§ The problem: Although the entries contain pictures, return everything else in them verbatim and omit the pictures.

Segment Start: Records shown

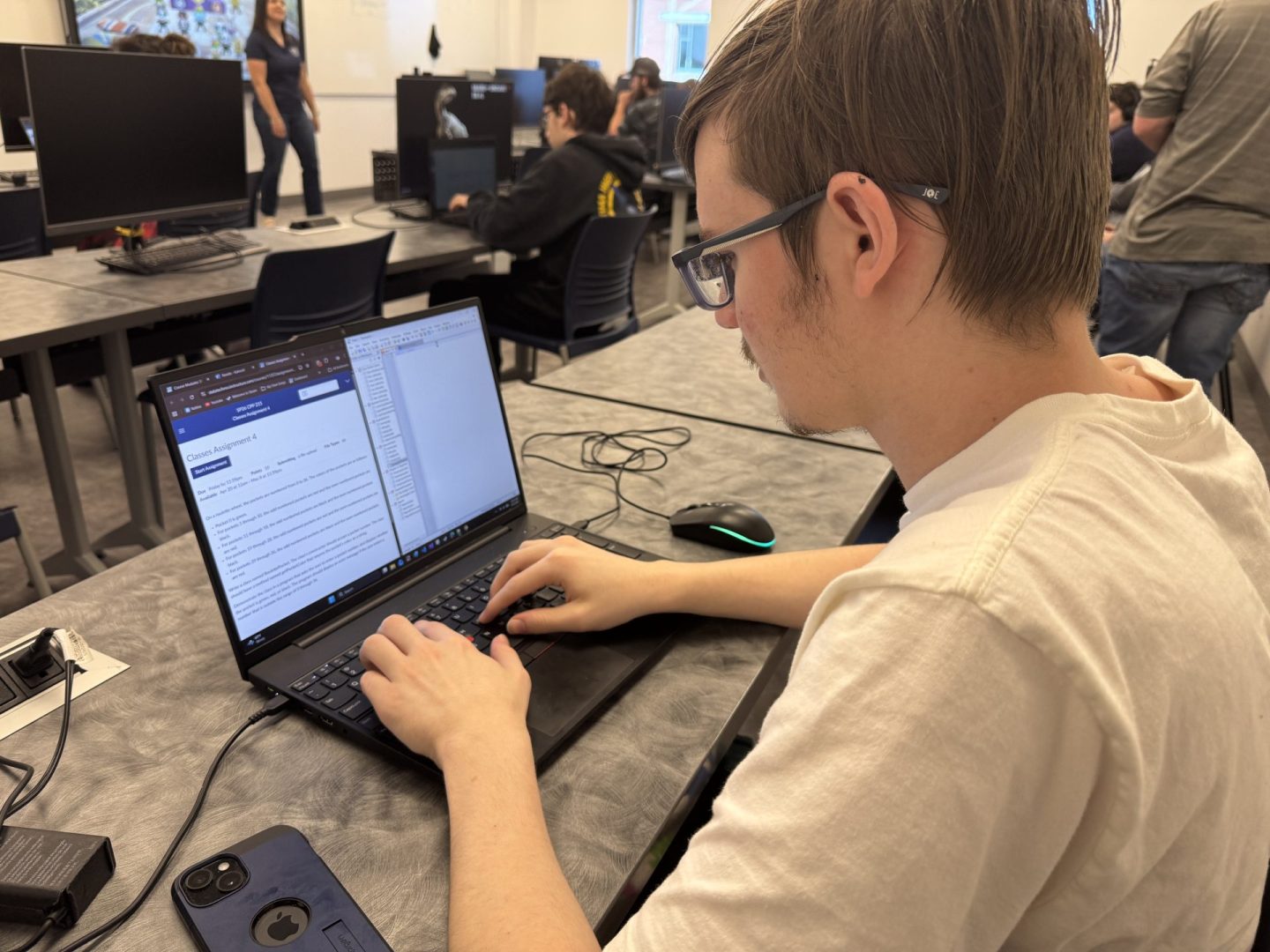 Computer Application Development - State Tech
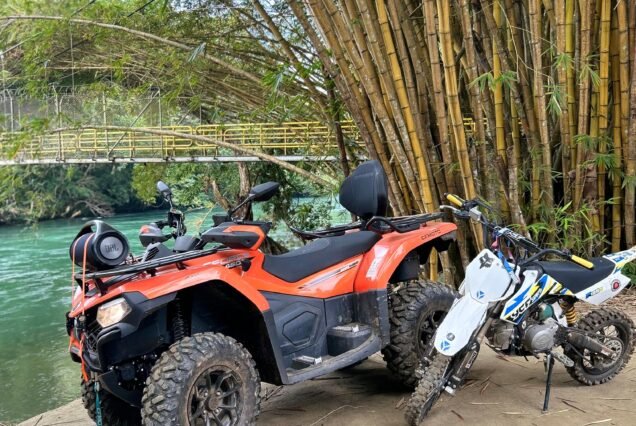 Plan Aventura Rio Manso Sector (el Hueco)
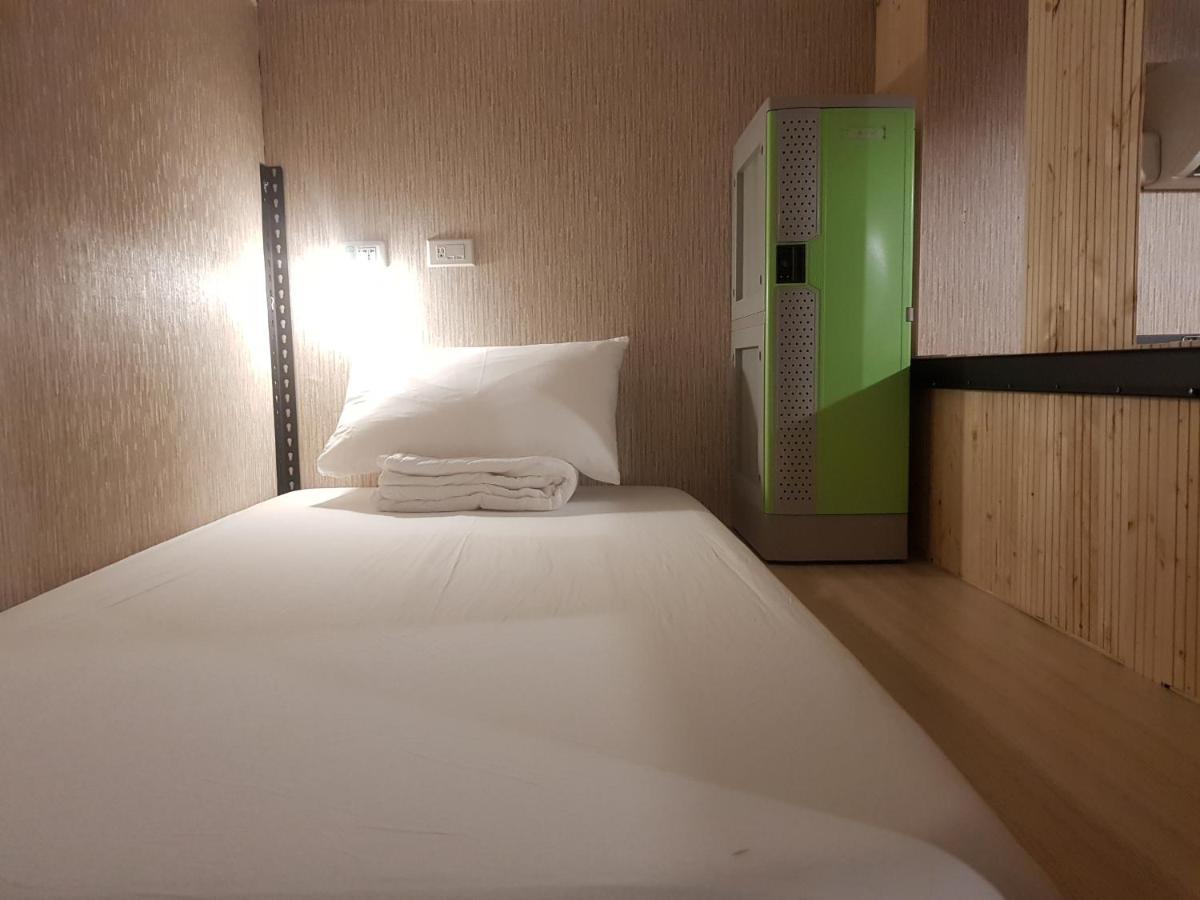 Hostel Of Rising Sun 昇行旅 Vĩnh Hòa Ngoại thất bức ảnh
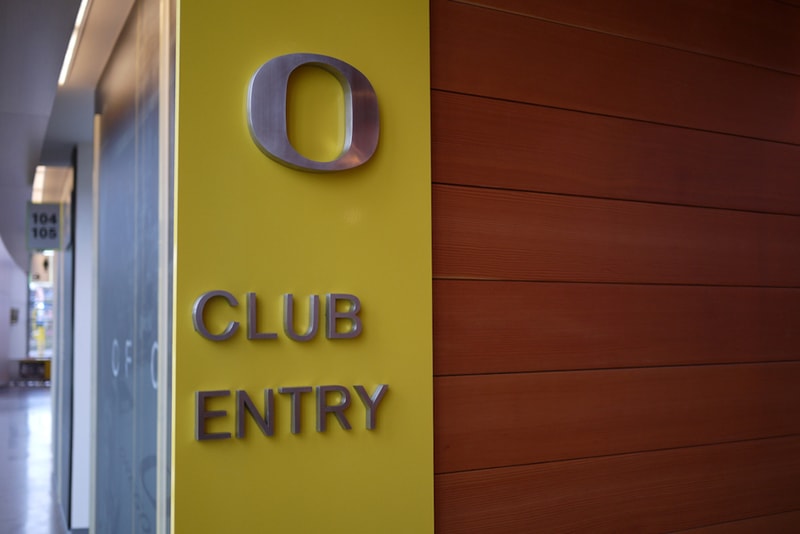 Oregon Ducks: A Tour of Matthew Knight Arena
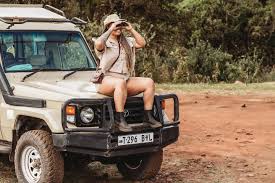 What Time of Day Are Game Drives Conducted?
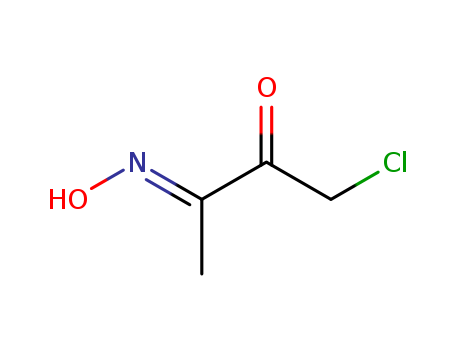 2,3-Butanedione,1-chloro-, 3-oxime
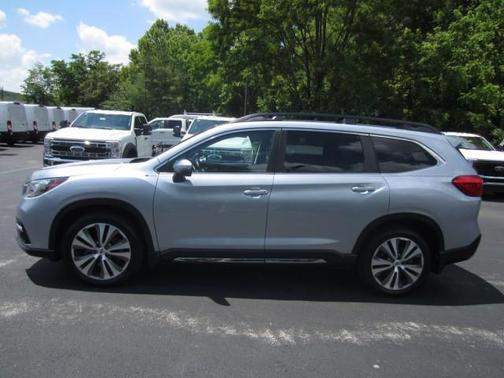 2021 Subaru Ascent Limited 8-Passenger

Segment End: Records shown

§ Solution:
 Computer Application Development - State Tech
 Plan Aventura Rio Manso Sector (el Hueco)
 Hostel Of Rising Sun 昇行旅 Vĩnh Hòa Ngoại thất bức ảnh
 Oregon Ducks: A Tour of Matthew Knight Arena
 What Time of Day Are Game Drives Conducted?
 2,3-Butanedione,1-chloro-, 3-oxime
 2021 Subaru Ascent Limited 8-Passenger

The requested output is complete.